*** Excerpted data Section Begins ***

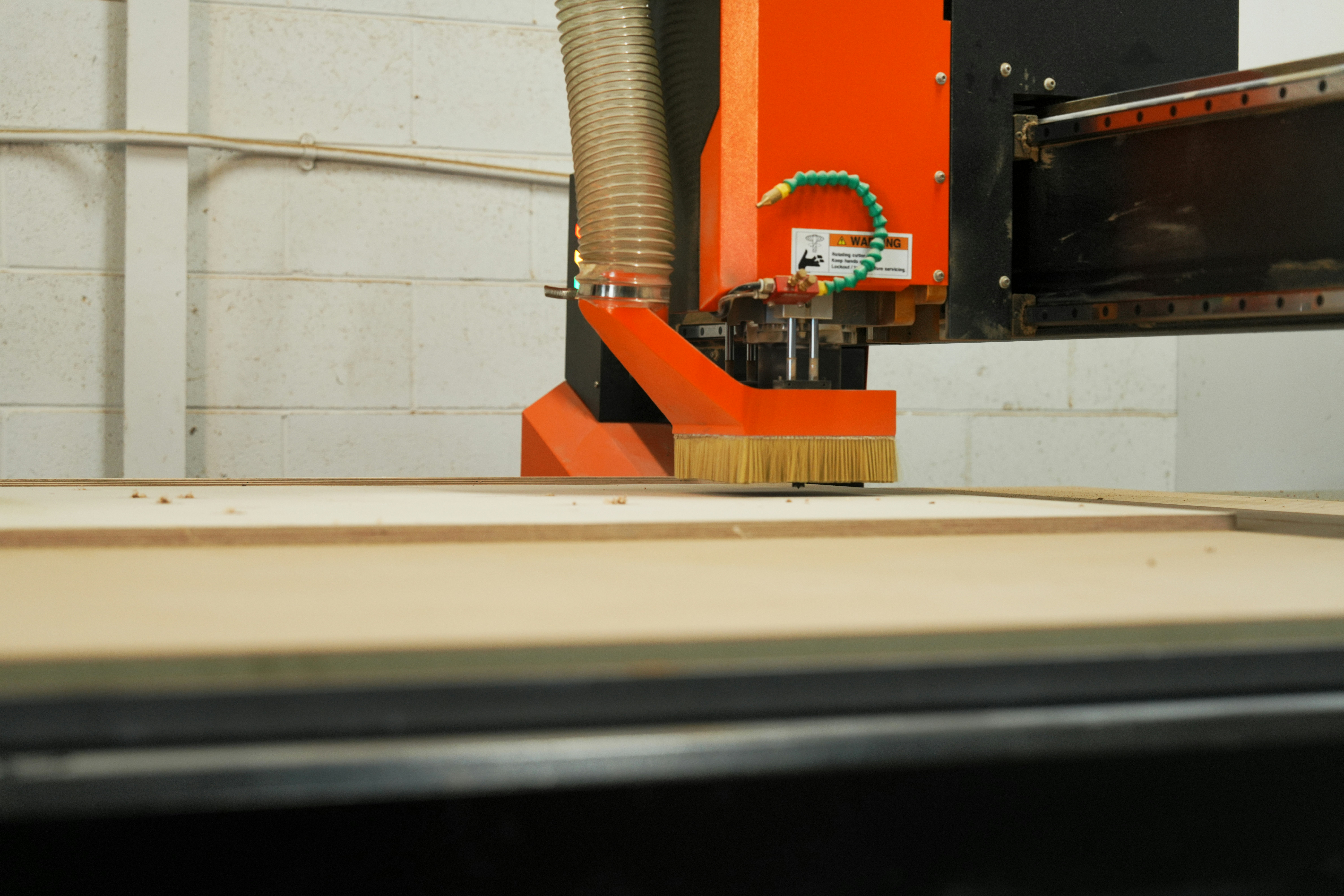 CNC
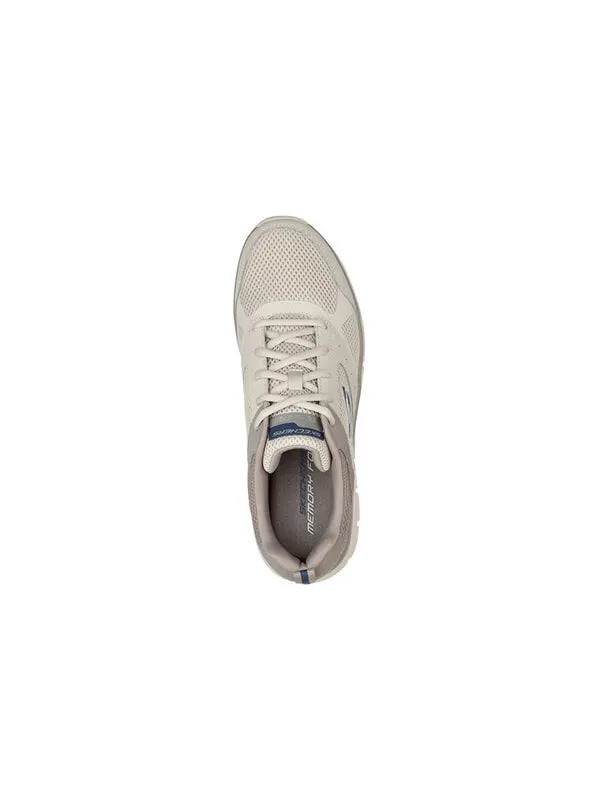 Кроссовки track 'syntac -taupe' Skechers — изображение 4 из 4, тауп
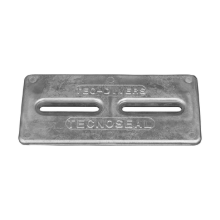 USA plate 305X152X13 H.C.140 DIVERS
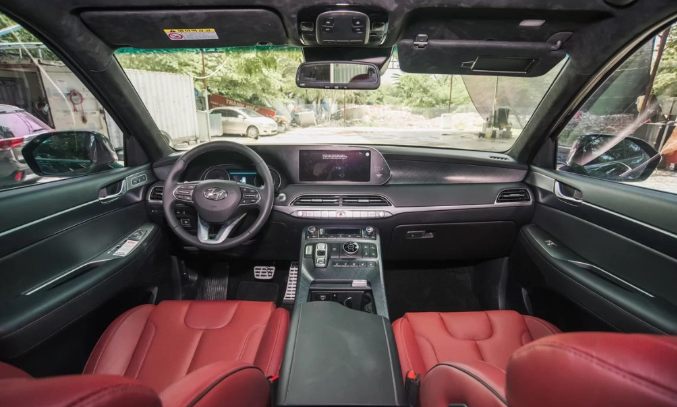 Những mẫu xe ô tô mới toanh lần đầu có mặt tại thị trường Việt a3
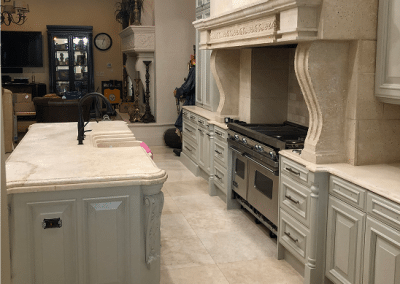 Carpentry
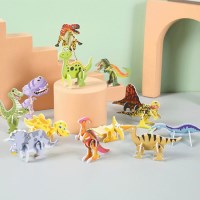 아트필드 3D 입체 공룡 DIY (10종세트)
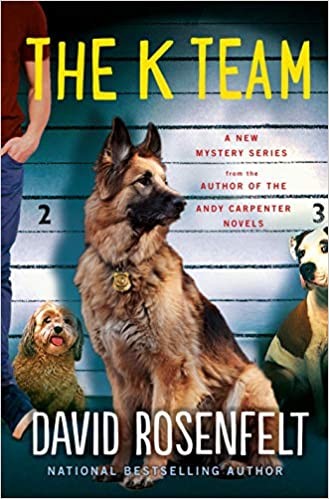Now playing: The K Team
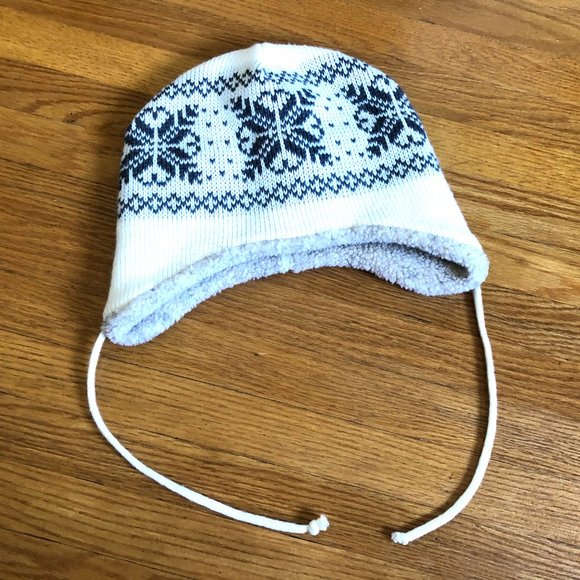 Snow hat - Picture 1 of 2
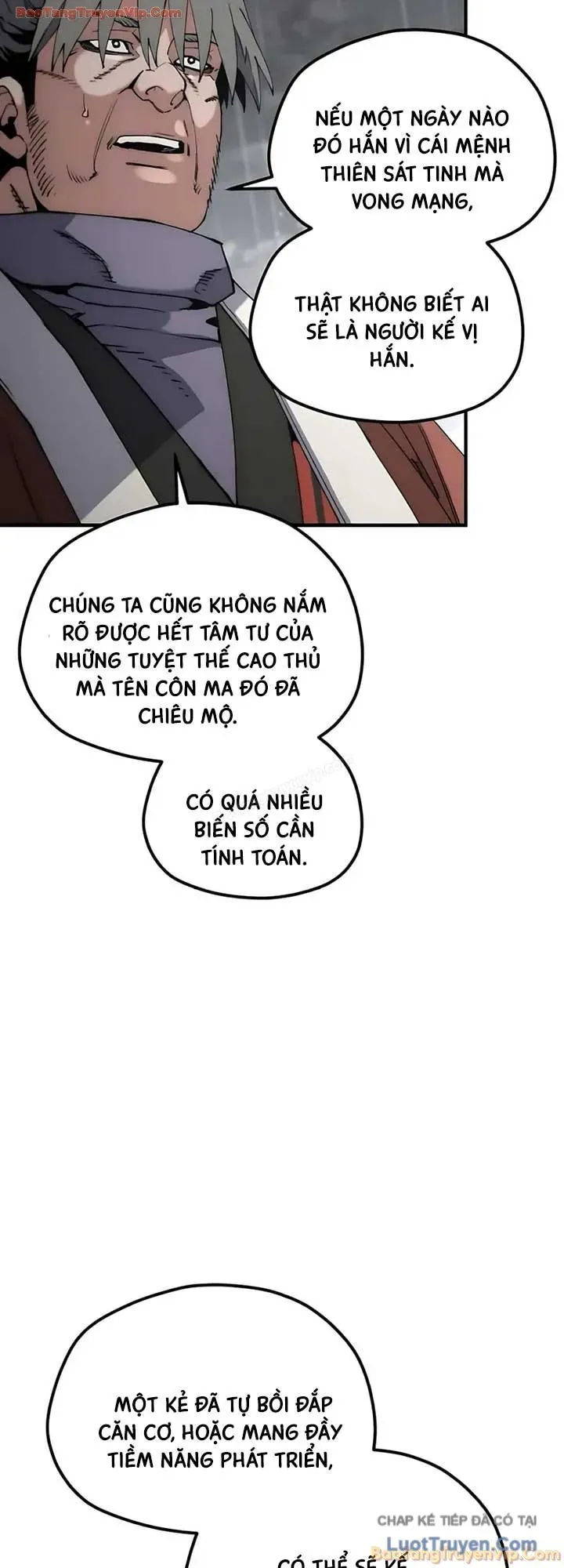 Thiên Ma Phi Thăng Truyện Chapter 177 - 78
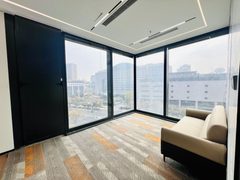 整层豪华装修，地铁上盖太绝了 - 缩略图 5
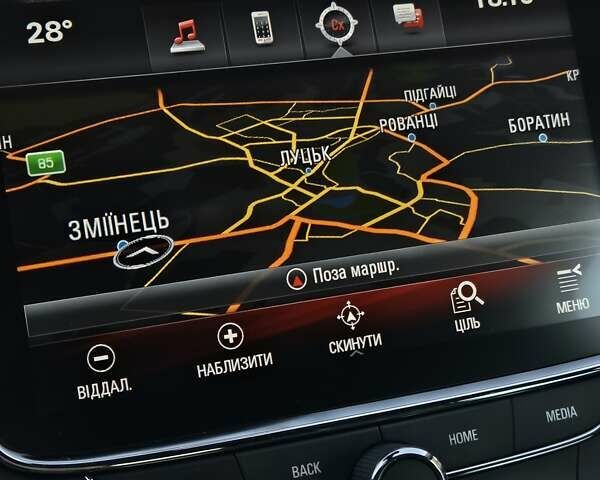Черный Опель Астра, объемом двигателя 1.6 л и пробегом 194 тыс. км за 13500 $, фото 54 на Automoto.ua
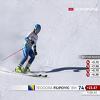 Tri bh. skijašice nastupile u veleslalomu na Svjetskom prvenstvu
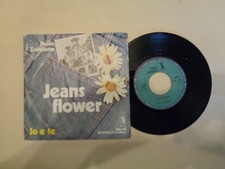 PAOLO ZAVALLONE JEANSFLOWER / IO E TE NEW POLARIS FK 51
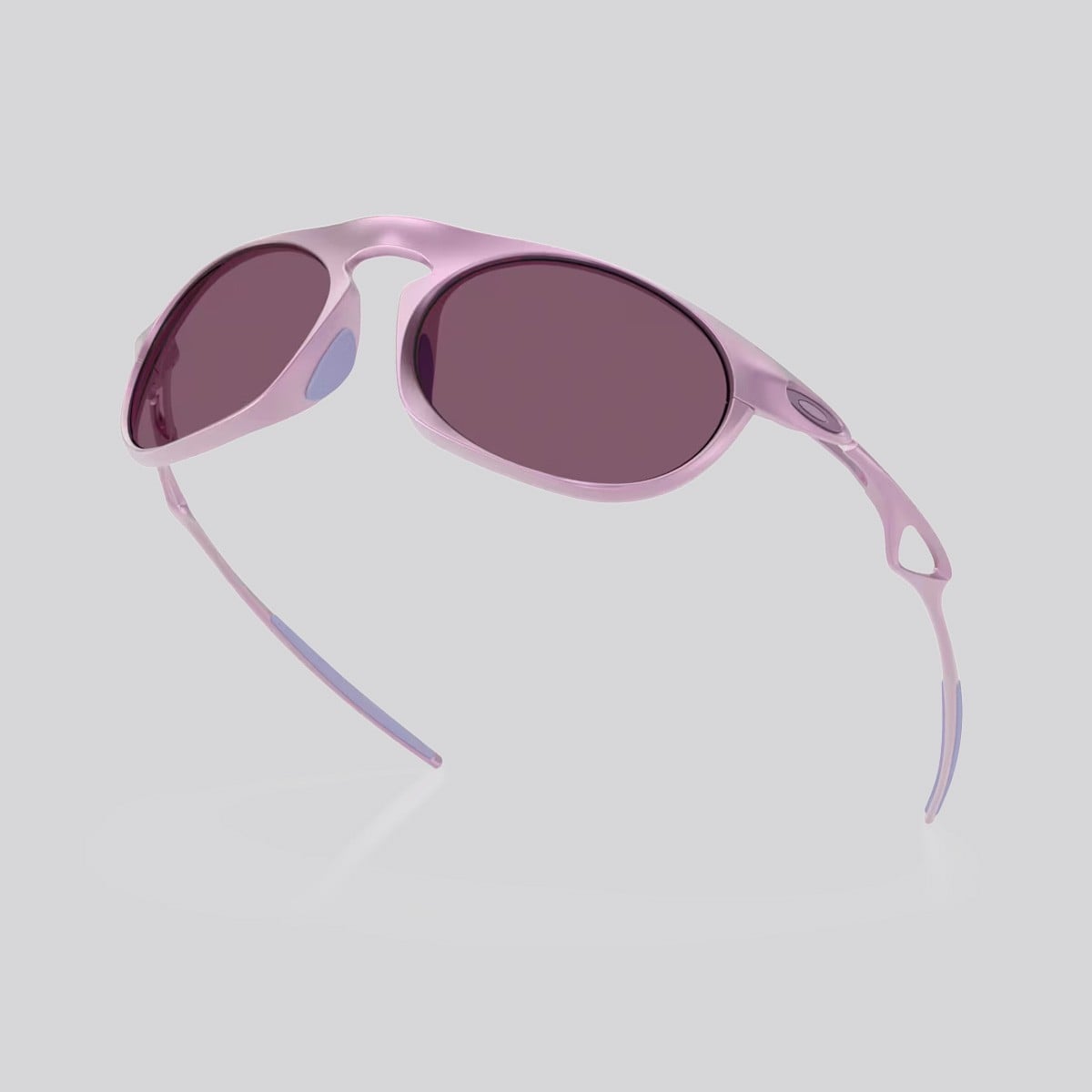 Lentes de Sol Oakley Neo Jacket Matte Lavender / Prizm Indigo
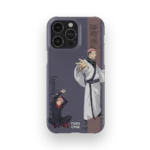 sukuna slim iphone 17 pro max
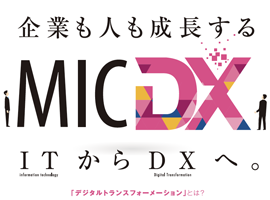 南日本情報処理センター　創立記念新聞広告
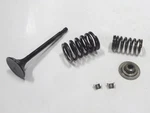 1975-1981 Honda Goldwing Gl 1000 1100 Engine Exhaust Valve Oem 14721-371-000. Fixed Price $39.99.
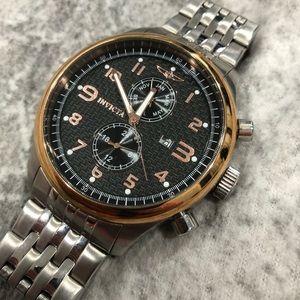 Invicta Specialty Collection Men’s Watch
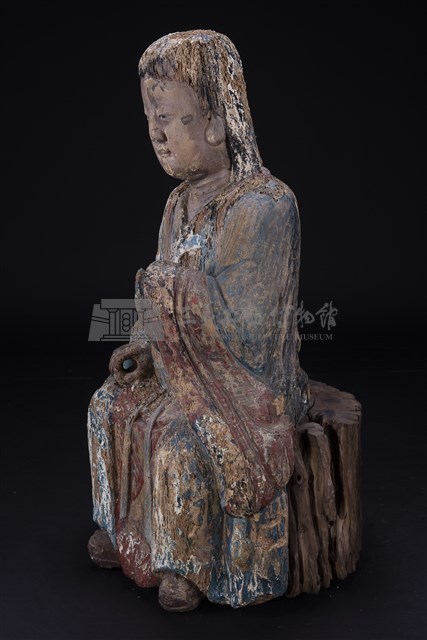 和合二仙藏品圖，第2張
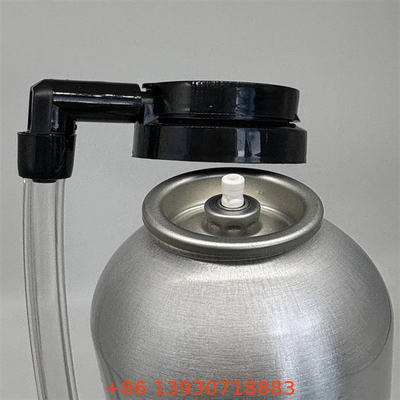 Van bơm lốp phổ quát cho RV với khả năng tương thích đa năng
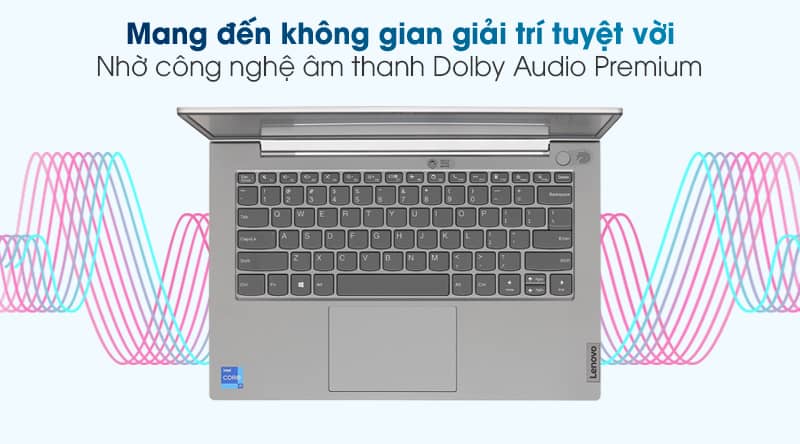 Laptop Lenovo Thinkbook 14 G3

*** Excerpted data Section Ends ***

The task: Take the lines from the one holding "整层豪华装修，地铁上盖太绝了 - 缩略图 5" through the last line of the data above and copy them exactly, both ends included, omitting all pictures.

Solution to the exercise:
 整层豪华装修，地铁上盖太绝了 - 缩略图 5
Черный Опель Астра, объемом двигателя 1.6 л и пробегом 194 тыс. км за 13500 $, фото 54 на Automoto.ua
 Tri bh. skijašice nastupile u veleslalomu na Svjetskom prvenstvu
 PAOLO ZAVALLONE JEANSFLOWER / IO E TE NEW POLARIS FK 51
 Lentes de Sol Oakley Neo Jacket Matte Lavender / Prizm Indigo
 sukuna slim iphone 17 pro max
 南日本情報処理センター　創立記念新聞広告
 1975-1981 Honda Goldwing Gl 1000 1100 Engine Exhaust Valve Oem 14721-371-000. Fixed Price $39.99.
 Invicta Specialty Collection Men’s Watch
 和合二仙藏品圖，第2張
 Van bơm lốp phổ quát cho RV với khả năng tương thích đa năng
 Laptop Lenovo Thinkbook 14 G3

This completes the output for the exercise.